How can inclusion be made operational? First, China must accelerate reform of the hukou system so that it raises social protections without shattering municipal budgets. Central government fiscal transfers can compensate cities that absorb large numbers of migrants. Second, the country needs an employment strategy that focuses on employment in labor-intensive industries, especially in services and green technologies. Infrastructure projects should not necessarily be capital-intensive megaprojects but also small-scale, community-based urban upgrades that provide jobs for low-skilled workers.
Third, vocational training and upskilling must be offered to migrants. China has high hopes of transitioning to green and high-tech industry, but this will be meaningless unless it includes workers of all kinds. Investment in training employees must be paired with protection of labor rights and enforcement of minimum wage legislation.
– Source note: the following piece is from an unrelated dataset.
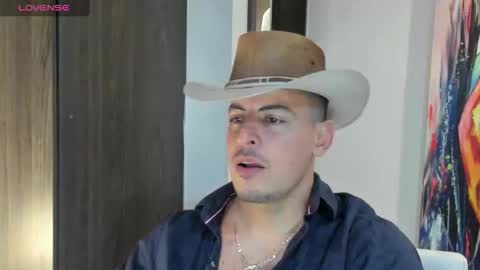 Snapshot of scotty_music chatting on November 1, 2025, 1:51 am Ricardo online show from November 1, 2025, 1:51 am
Finally, migrant workers must be politically and institutionally acknowledged as at the center of China’s future, not artifacts of an old industrial past. This requires policy change but also a shift in popular discourse—a remaking of the migrant worker not as temporary stranger but as citizen, as neighbor, as contributor to the public good.
China’s economic recovery is at an intersection. It can either fix a two-tier society with thinly spread growth, or it can embrace inclusive growth that lifts all boats. It is not just a matter of GDP figures—it is a matter of the kind of society China wants to build over the next couple of decades. Forgetting the 300 million is not only folly—it is suicidal. An economy that marginalizes its most essential workers is an economy that sabotages its own future.